With GPS Expected on the New iPhone, Portable Nav Suppliers Are "Scared %#*@-less"

With portable navigation systems hanging from millions of windshields and the price point of the popular devices diving down to the $99 mark, automakers' expensive in-dash nav systems are going the way of the car phone. But with mobile-phone based navigation gaining ground -- and the new 3-G iPhone expected to debut on Monday with full GPS capability -- portable navs could soon face a similar fate.

Phone-based GPS navigation has been steadily gaining ground on portables. Earlier this week, Networks in Motion, the leading provider of navigation services to the top four U.S. cellular carriers, announced that the day before Mother’s Day, May 10, saw the largest spike ever in the use of navigation on mobile phones, with nearly 5 million requests.

That's a lot of drivers finding their way to mom's house. And looking at a small screen while driving.

Portable navigation has experienced phenomenal growth over the past several years, while automakers' expensive in-dash systems have been shown to increase the depreciation of a vehicle. But the use of GPS-enabled mobile phones is expected to quadruple by 2011, and if GPS is introduced on the new iPhone, as expected, it could accelerate the shift away from portable nav systems. And as Popular Mechanics reported, leave GPS suppliers "scared %#*@-less."
Portable nav heavyweight Garmin already introduced an iPhone-like GPS phone earlier this year, and last week minor player Mio unveiled two similar GPS phones. Now, all eyes will be on Steve Jobs on Monday when the Apple Godhead is expected to unveil the iPhone 2.0 with built-in GPS at the Worldwide Developers Conference in San Francisco.

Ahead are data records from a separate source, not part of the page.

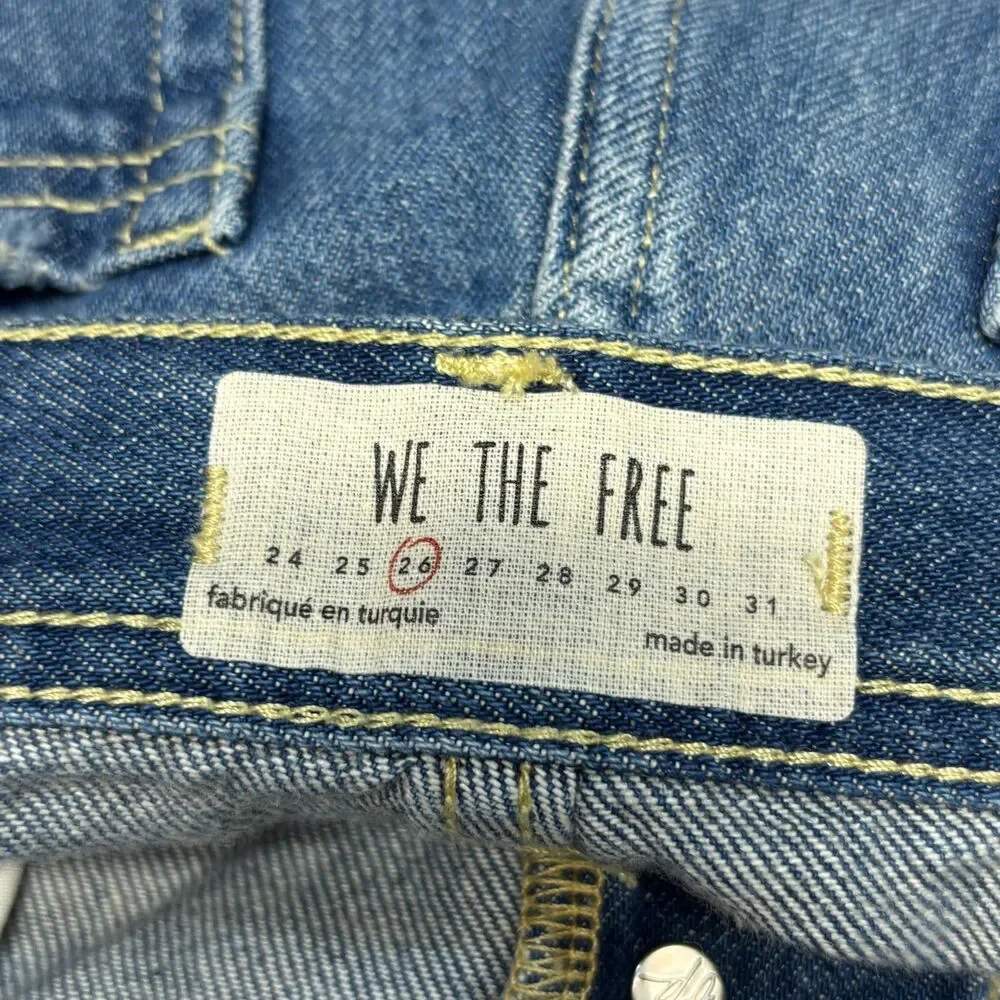 Free People We The Free Women Wide Leg Jeans Size 26 Distressed Denim D120 -12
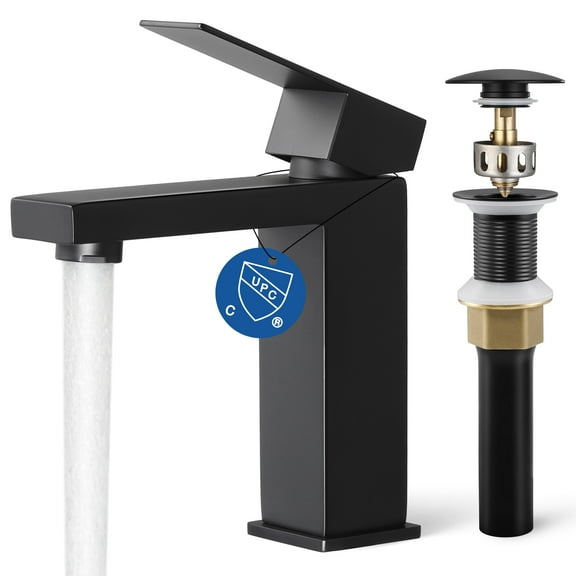 KES Black Bathroom Faucet and Bathroom Sink Drain without Overflow Stainless Steel Single Handle Faucet with Pop Up Drain Stopper, WMBF002F12BKC1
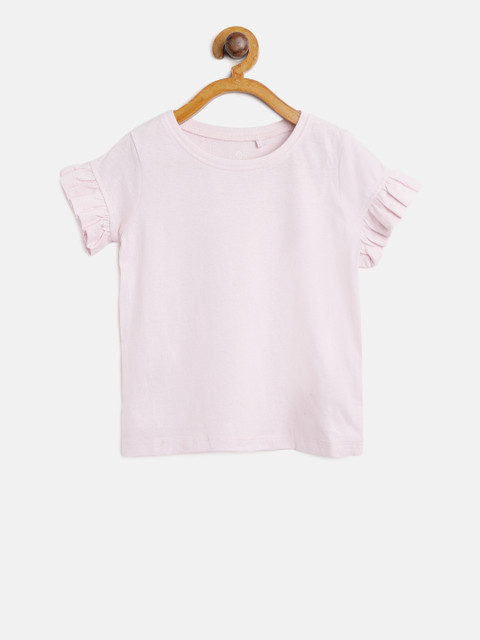 

next Girls Pink Solid Round Neck T-shirt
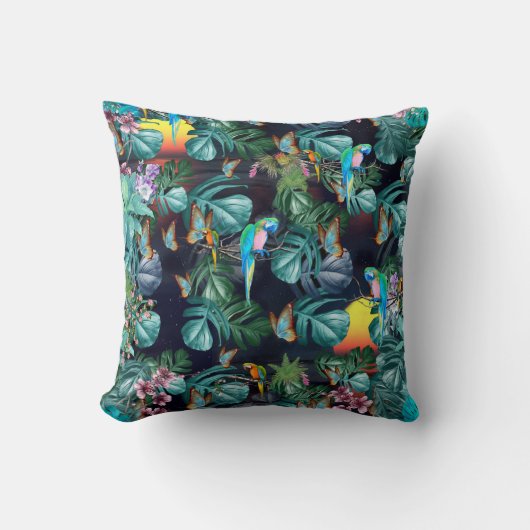 Tropische Flora Paradise bij zonsondergang Kussen (Voorkant)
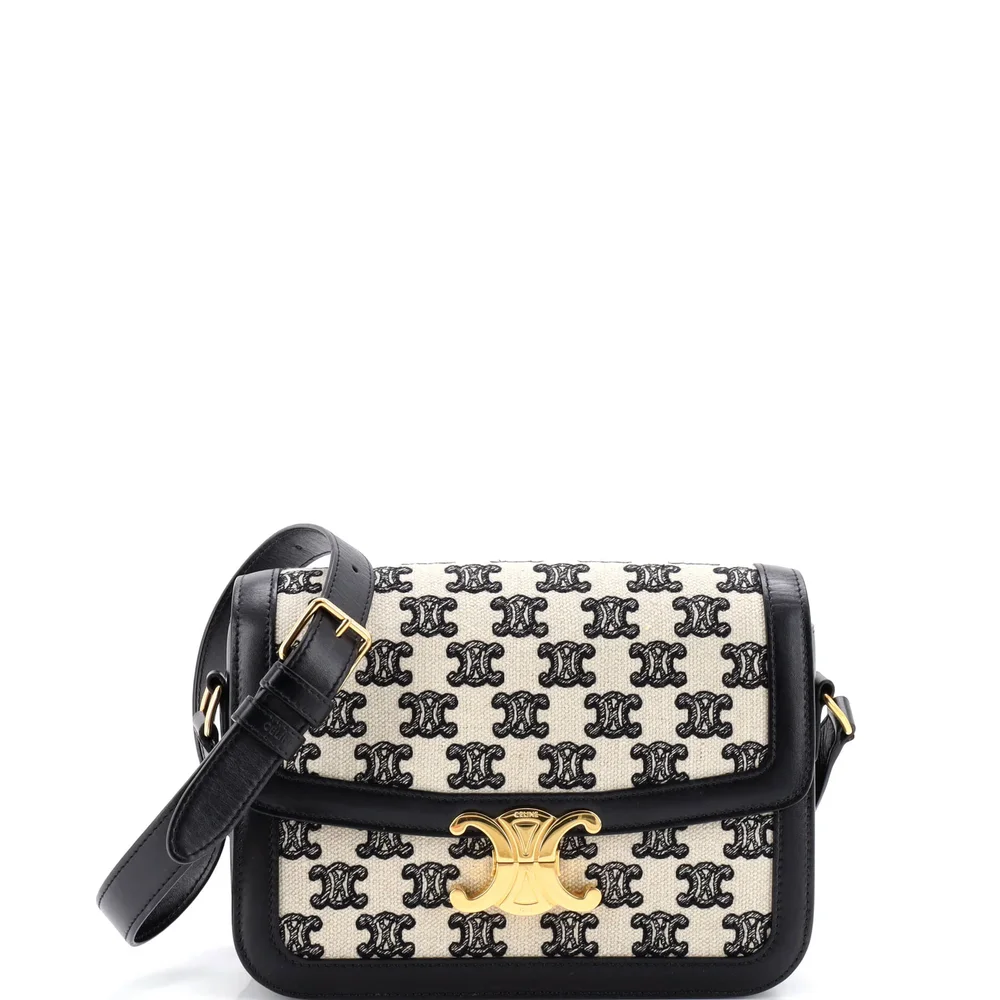 Pre-Owned Triomphe Shoulder Bag in Triomphe Canvas, Medium, Black and Ecru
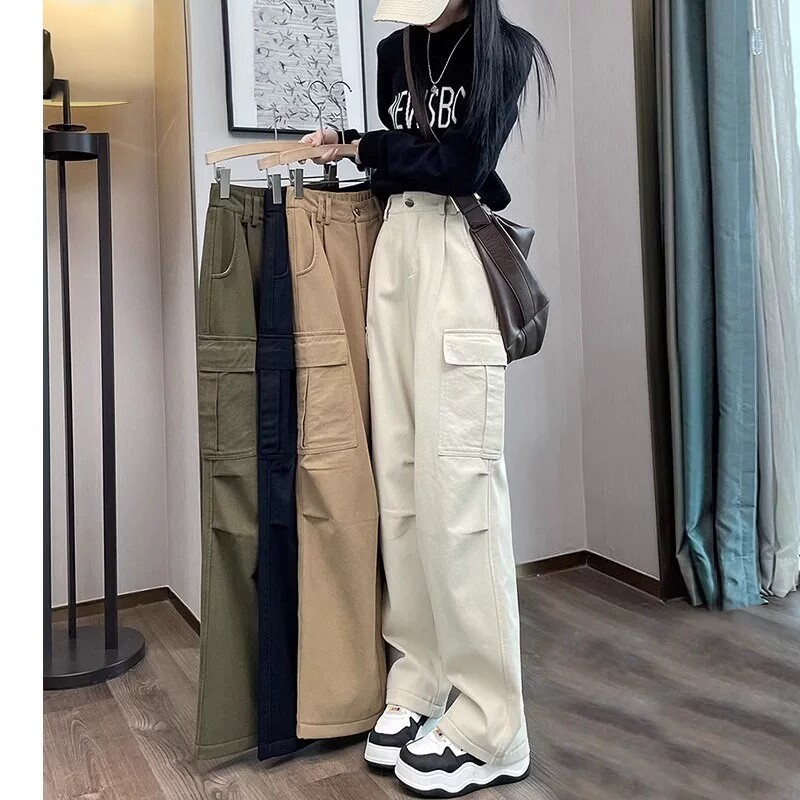 美式工装裤女款春秋小个子阔腿裤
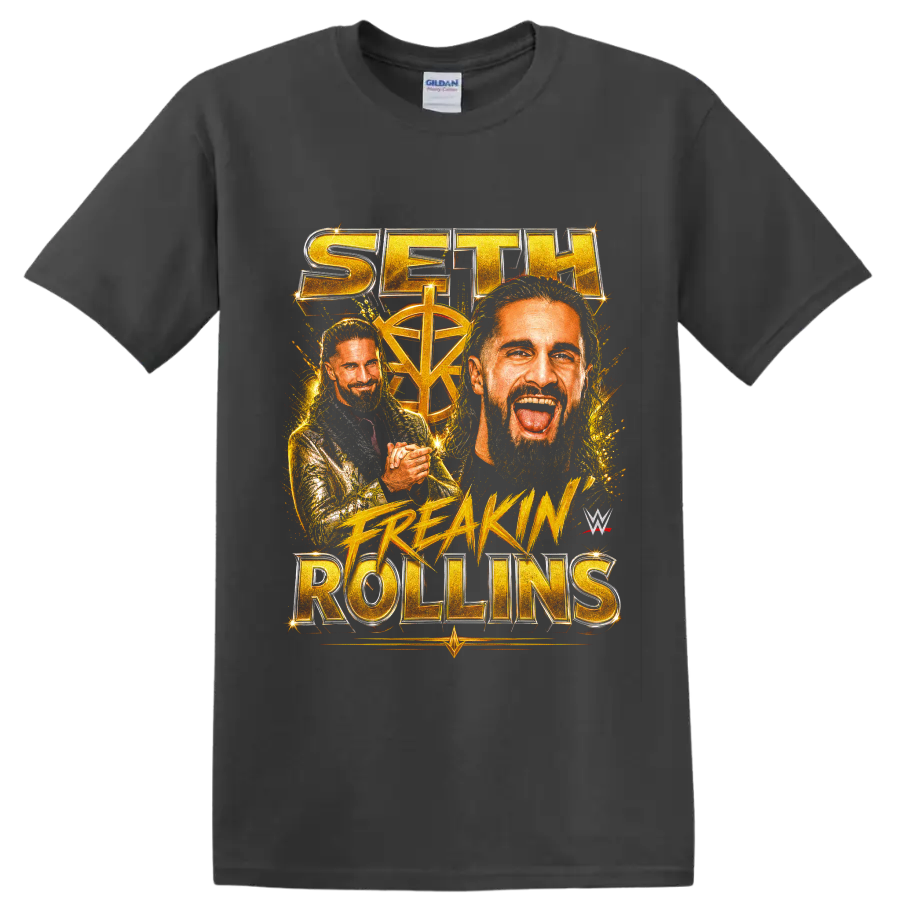 Seth Rollins gold portrait collage with championship lettering and fiery splatter on a Charcoal T Shirt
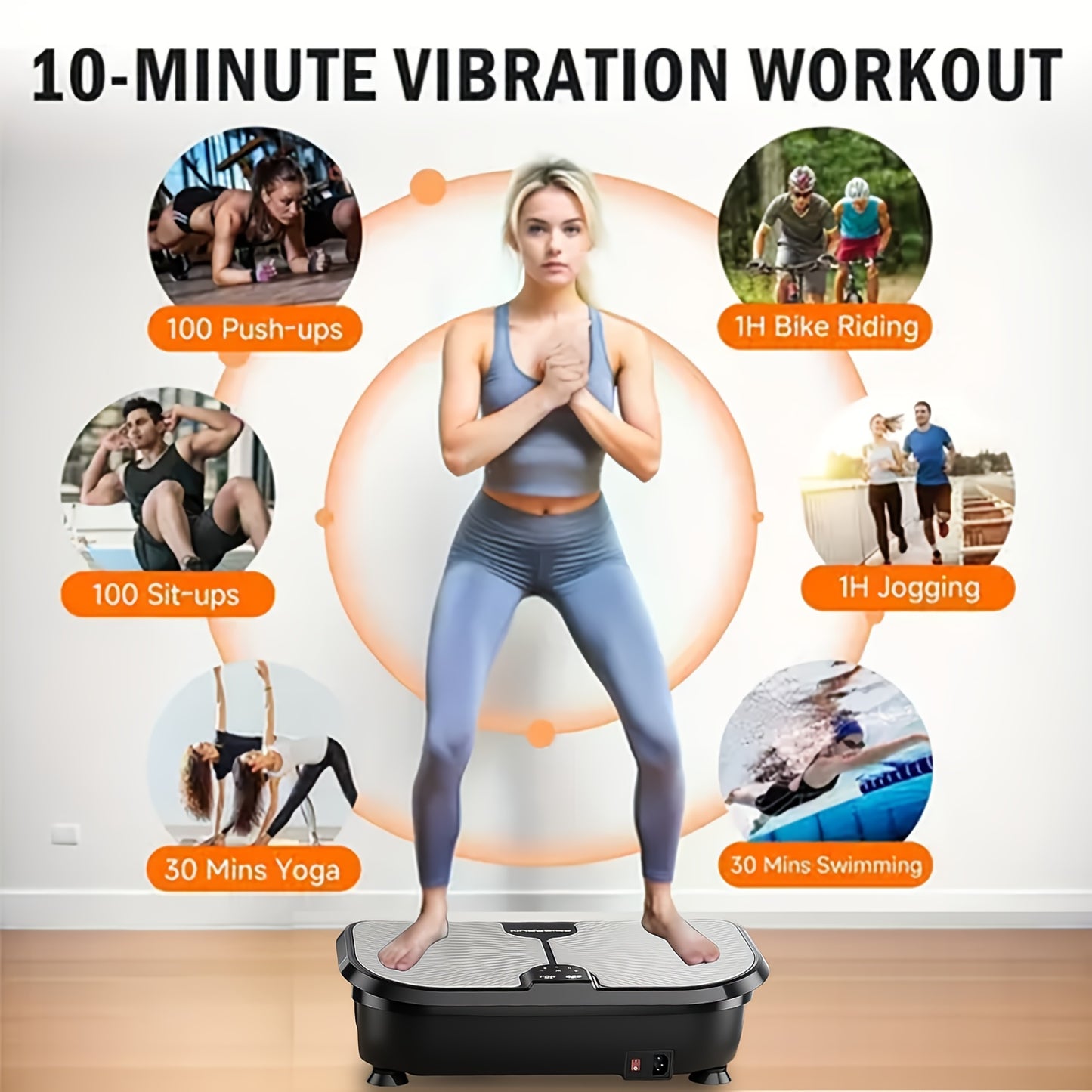 FEIERDUNSTYO Vibration Plate Exercise Machine For Lymphatic Drainage, Power Vibrate Stand Shake Board 400Lbs Capacity Whole Body Workout Waver With Fitness Resistance Bands Weight Loss Gifts For Women Men, Without Battery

The market is ripe for it. Networks in Motion, which claims to have a 57 percent share of U.S. revenue from navigation services offered on mobile phones, says that in early in 2007 it had less than a million paid users. Now it has more than 3 million, and in May it reached the milestone of more than 100 million monthly navigation requests.

But the biggest challenge will be how to deal with driver distraction issues in moving from the small screen of portable navs to the even smaller screen of mobile phones.

Let's see if Apple will show the way.